American ballet dancer

Elise Flagg (born 1951) is an American ballet dancer who worked with George Balanchine as a dancer at the New York City Ballet .

==Life==
Elise Flagg was born December 23, 1951, in Detroit, Michigan. Her sister Laura was also a dancer.

In the 1960s and 1970s Flagg danced with the New York City Ballet. She was featured in George Balanchine's Western Symphony, Ivesiana and A Midsummer Night's Dream. She also performed in Richard Tanner's Octuor. After Gelsey Kirkland suffered injury, Flagg danced the Nightingale in Kirkland's place in John Taras' production of Song of the Nightingale at the 1972 Stravinsky Festival. After Kirkland recovered from her injury, Flagg resumed the role of the Mechanical Nightingale opposite her.

Flagg runs a dance academy, the Elise Flagg Academy of Dance. In 2020 the academy moved from West Chicago to a new studio in Geneva, Illinois.

According to her instructor biography on the Midwest Dance Conservatory website, "Elise was born in Detroit to Colonel John Flagg and Miriam Flagg, a music teacher with a trained operatic voice. [...] The family moved to Anchorage, Alaska, where Ms. Flagg started ballet lessons under Linda Lorimer, who suggested that she audition for The School of American Ballet (SAB) in New York City. At the age of twelve, Ms. Flagg was selected by George Balanchine to attend SAB with a Ford Foundation Scholarship.

Elise spent the next four years training at SAB. She [studied] with Alexandra Danilova, Felia Doubrovska, Pierre Vladimarov, and Stanley Williams.
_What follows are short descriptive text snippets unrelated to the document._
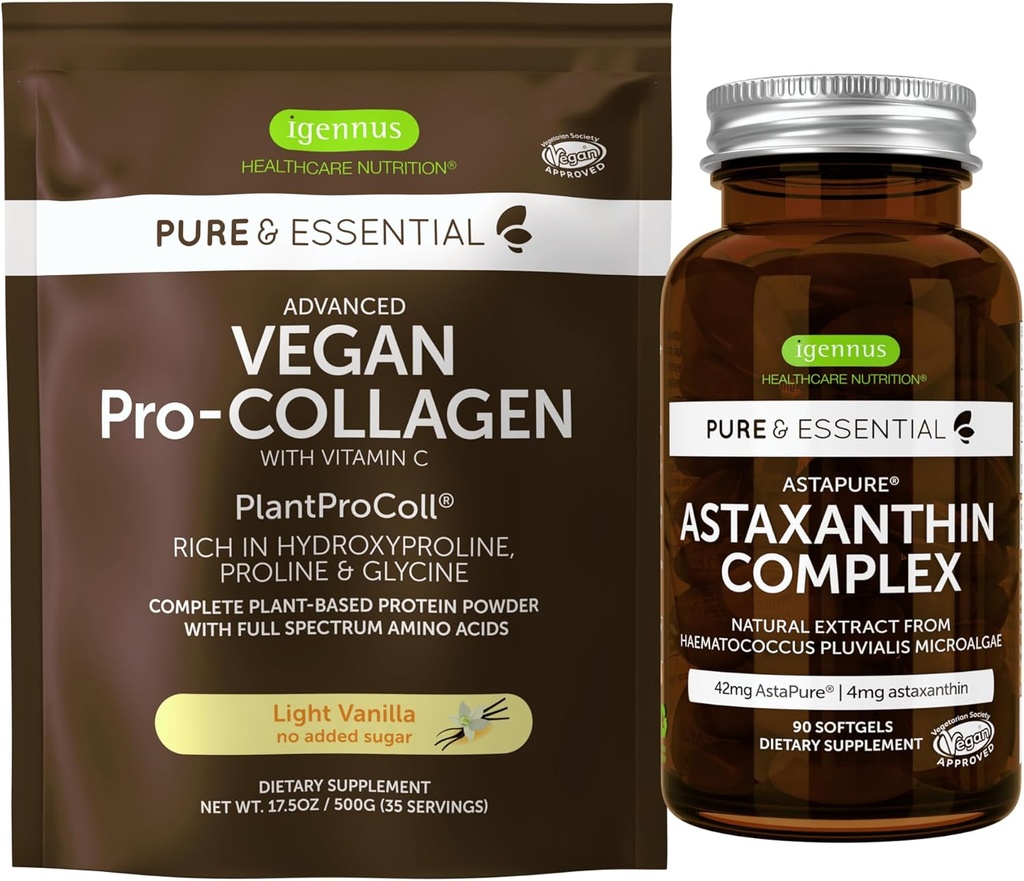 Vegan Vanilla Collagen Protein Powder + Aspaxanthin Complex Vegan Bundle, Collagen Booting Formula + Natural 4mg H. Πλούβιαλης Ασταξανθίνη για τα μαλλιά, το δέρμα και τα νύχια, από Igenus
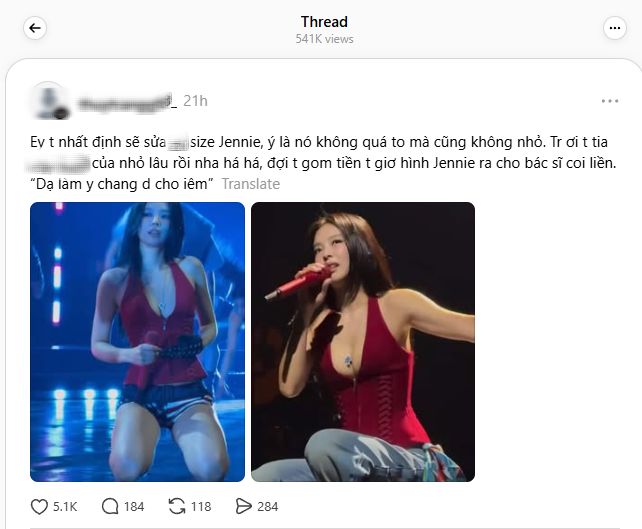 Viral Threads post discussing Jennie's bust size.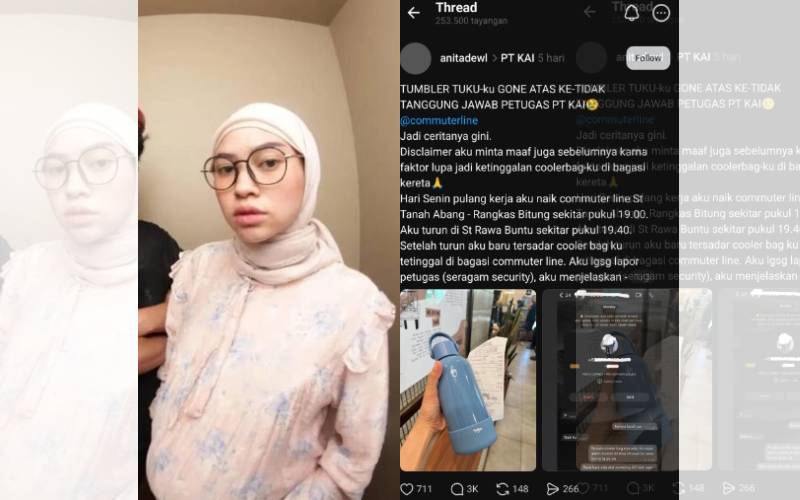 Anita Dewi Dipecat Perusahaan usai Viral Curhatan Tumbler Tuku Hilang di KRL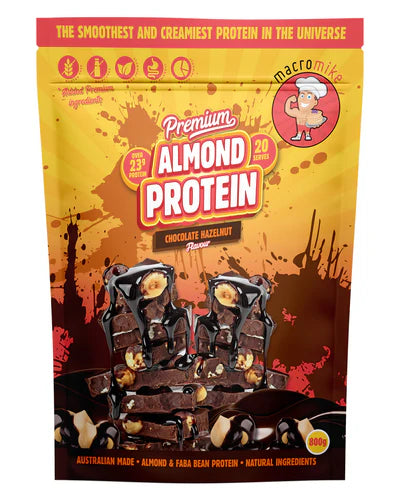 Package of almond protein chocolate hazelnut bars with branding and product details.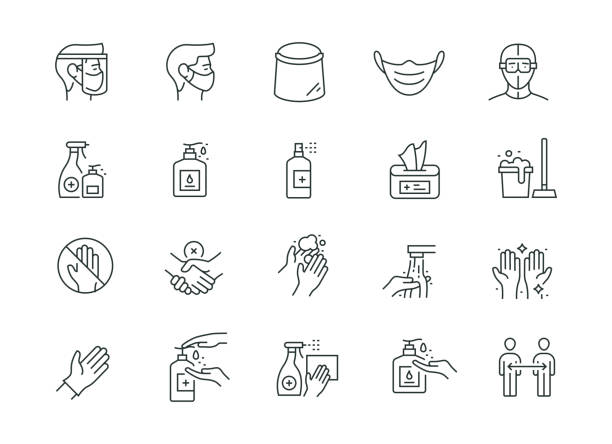 stockillustraties, clipart, cartoons en iconen met coronavirus preventie thin line-serie - desinfectie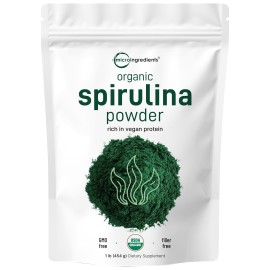 Micro Ingredients Organic Spirulina Powder,16 Ounce,Raw Spirulina(Arthrospira Platensis),The Richest Sources of 70% Vegan Protein,Containers Minerals, Vitamins,Non-GMO&Non-Irradiation,1 Pound(Packof1)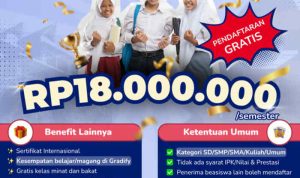 Beasiswa Gradify 2025 Resmi Dibuka: Akses Pendidikan dan Karier hingga Rp18 Juta/Semester Tanpa Syarat IPK atau Prestasi. Foto : viralsumsel.com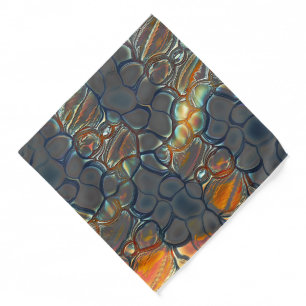 Burnt gray cells with stained to soft gold light   bandana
Later on in her career, she studied with David Howard, Rudolf Nureyev, and George Balanchine.

At sixteen, Ms. Flagg joined the New York City Ballet, where she spent the next nine years advancing from corps de ballet to soloist. She danced solo and principal roles with the New York City Ballet until the time she left to join the Zurich Ballet as a principal artist. Principal roles Ms. Flagg performed include Giselle, Don Quixote (with Rudolf Nureyev), Swan Lake, A Midsummer Night's Dream, George Balanchine's The Nutcracker, Serenade, Symphony in C, Jewels, Agon, Square Dance, Episodes, La Sonnambula, Apollo, and Concerto Barocco, among numerous others. Ms. Flagg's partners include Rudolf Nureyev, Edward Villella, Peter Schaufuss, John Clifford, Robert Weiss, Maximiliano Guerra, and Jonas Kage.

Ms. Flagg achieved pilates certification with Romana and Juanita Lopez at the Chicago Pilates Studio."